**Task item:** Print the listing in its entirety and exactly, leaving out images.

**Provided records:**

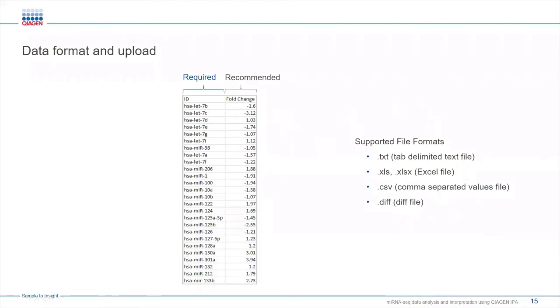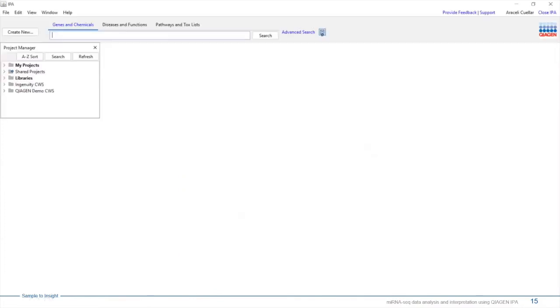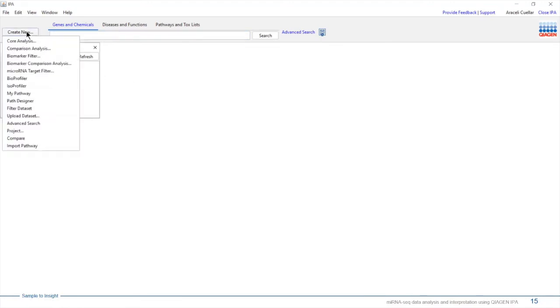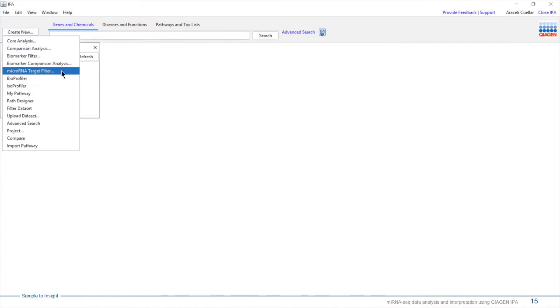With this, I'm going to go ahead and go into the software. To upload your dataset and start the analysis, we're going to go ahead and go into Create New, and then select microRNA target filter.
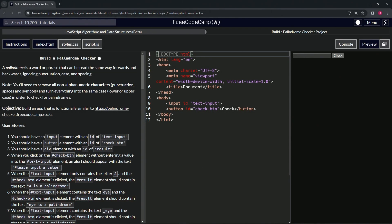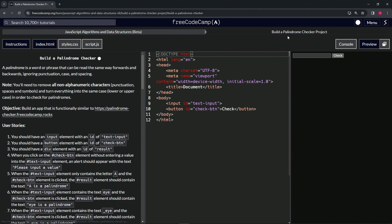Alright, now we're doing Free Code Camp JavaScript Algorithms and Data Structures Beta, build a palindrome checker project. User story number three: we should have a div element with an id of result.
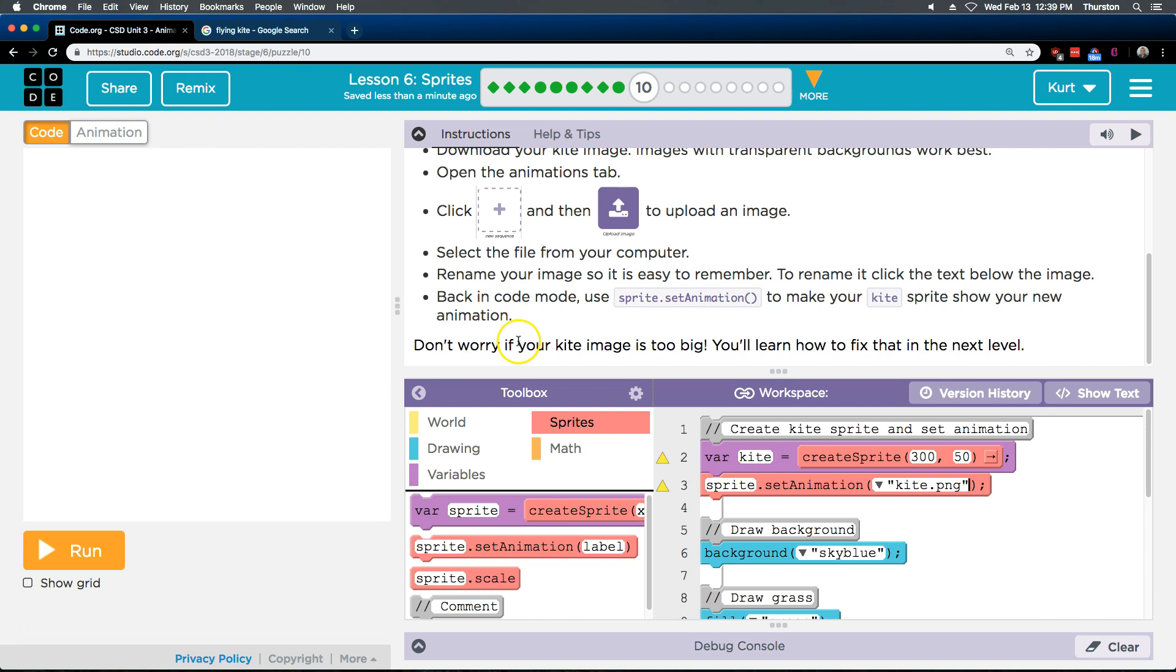Don't worry if your kite is too big. You'll learn how to fix that on the next level. Oh, well, mine isn't. But, that's good to know. I'm going to go ahead and run.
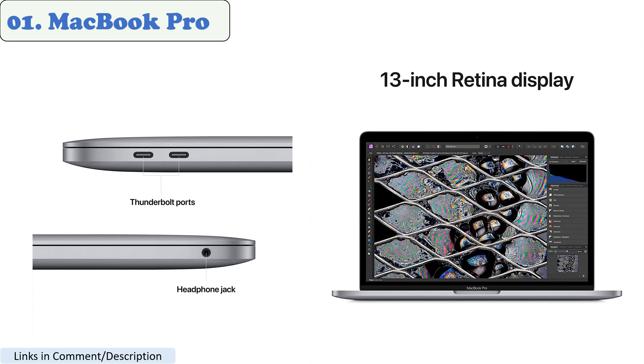If you need multiple displays for your work, the MacBook Pro can handle it all. You can connect up to three Pro Display XDRs and a 4K TV with the M1 Max chip, or two Pro Display XDRs with the M1 Pro chip.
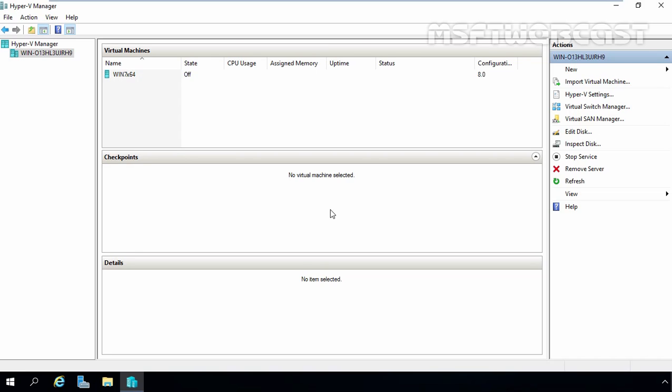Hello friends, welcome to MSFT Webcast. In today's video demonstration, we are going to see the steps to create a virtual switch for Hyper-V 2016.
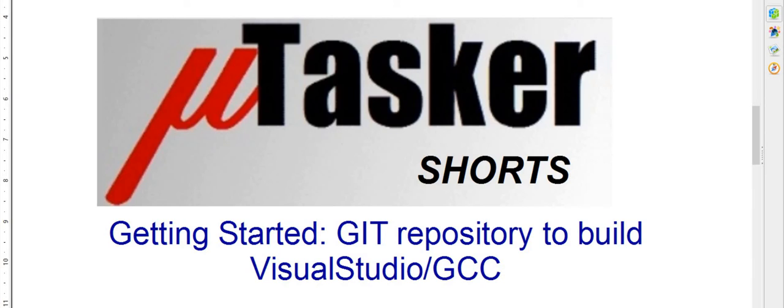Hi, welcome to this video in the Microtasker short series. Today we're going to be getting started taking the source from a Git repository, building with Visual Studio and then with the GCC compiler.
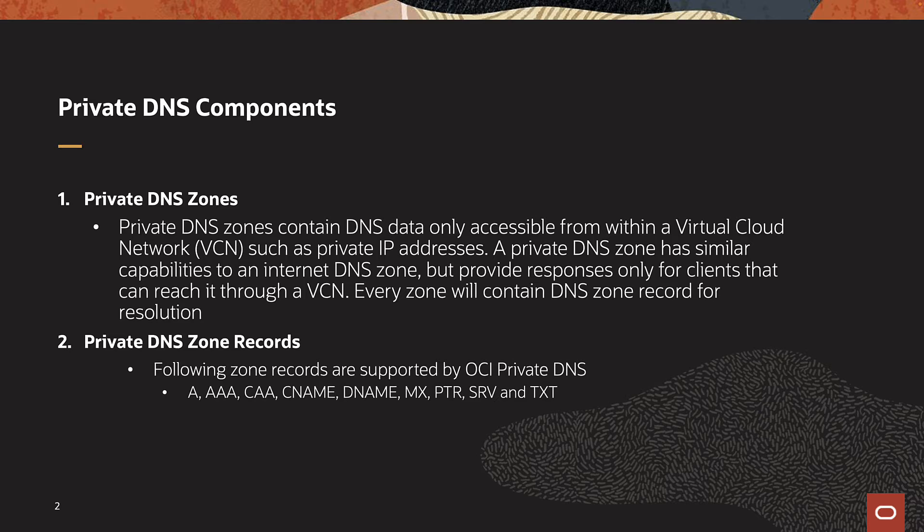Every zone contains DNS records for resolution. There are a number of zone record types supported, for example, A records, pointer records for reverse DNS lookup, CNAME records, etc.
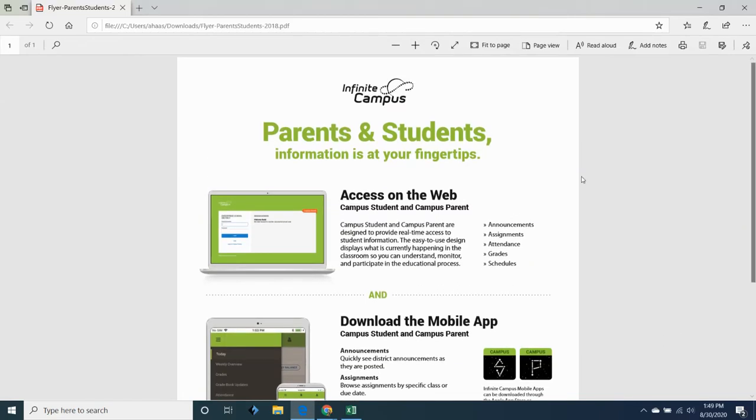In this video we're going to talk about Infinite Campus. Infinite Campus is how you will keep track of your grades and it's very important that you check Infinite Campus two to three times a week at least to see how you're progressing. You want to catch any problems early on and see if you can get those fixed.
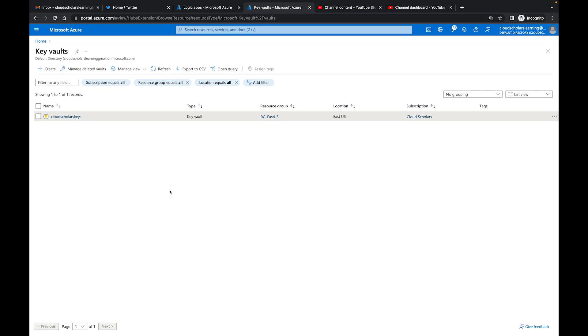Hey welcome back Cloud Scholars, I hope your day is going well. My name is Kieran Tross and I am your host. We are continuing the Azure Key Vault series - matter of fact, this is the last video of the series. So I want you to pat yourself on the back. I want to thank you for staying with us throughout this whole series.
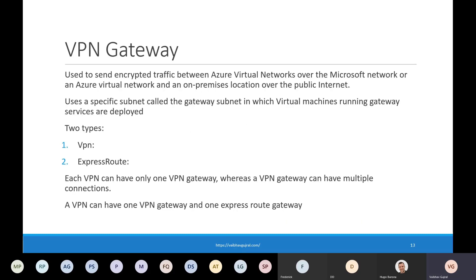A VPN gateway is a specific type of virtual network gateway used to send encrypted traffic between an Azure virtual network and an on-prem location over the public internet. You can also use a VPN gateway to send encrypted traffic between Azure virtual networks over the Microsoft network. Each virtual network can have only one VPN gateway; however, you can create multiple connections to the same VPN gateway. Please note that all VPN tunnels share the available gateway bandwidth.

**Answer:**
With this, I'm going to go ahead and go into the software. To upload your dataset and start the analysis, we're going to go ahead and go into Create New, and then select microRNA target filter.
Alright, now we're doing Free Code Camp JavaScript Algorithms and Data Structures Beta, build a palindrome checker project. User story number three: we should have a div element with an id of result.
Don't worry if your kite is too big. You'll learn how to fix that on the next level. Oh, well, mine isn't. But, that's good to know. I'm going to go ahead and run.
If you need multiple displays for your work, the MacBook Pro can handle it all. You can connect up to three Pro Display XDRs and a 4K TV with the M1 Max chip, or two Pro Display XDRs with the M1 Pro chip.
Hello friends, welcome to MSFT Webcast. In today's video demonstration, we are going to see the steps to create a virtual switch for Hyper-V 2016.
Hi, welcome to this video in the Microtasker short series. Today we're going to be getting started taking the source from a Git repository, building with Visual Studio and then with the GCC compiler.
Every zone contains DNS records for resolution. There are a number of zone record types supported, for example, A records, pointer records for reverse DNS lookup, CNAME records, etc.
In this video we're going to talk about Infinite Campus. Infinite Campus is how you will keep track of your grades and it's very important that you check Infinite Campus two to three times a week at least to see how you're progressing. You want to catch any problems early on and see if you can get those fixed.
Hey welcome back Cloud Scholars, I hope your day is going well. My name is Kieran Tross and I am your host. We are continuing the Azure Key Vault series - matter of fact, this is the last video of the series. So I want you to pat yourself on the back. I want to thank you for staying with us throughout this whole series.
A VPN gateway is a specific type of virtual network gateway used to send encrypted traffic between an Azure virtual network and an on-prem location over the public internet. You can also use a VPN gateway to send encrypted traffic between Azure virtual networks over the Microsoft network. Each virtual network can have only one VPN gateway; however, you can create multiple connections to the same VPN gateway. Please note that all VPN tunnels share the available gateway bandwidth.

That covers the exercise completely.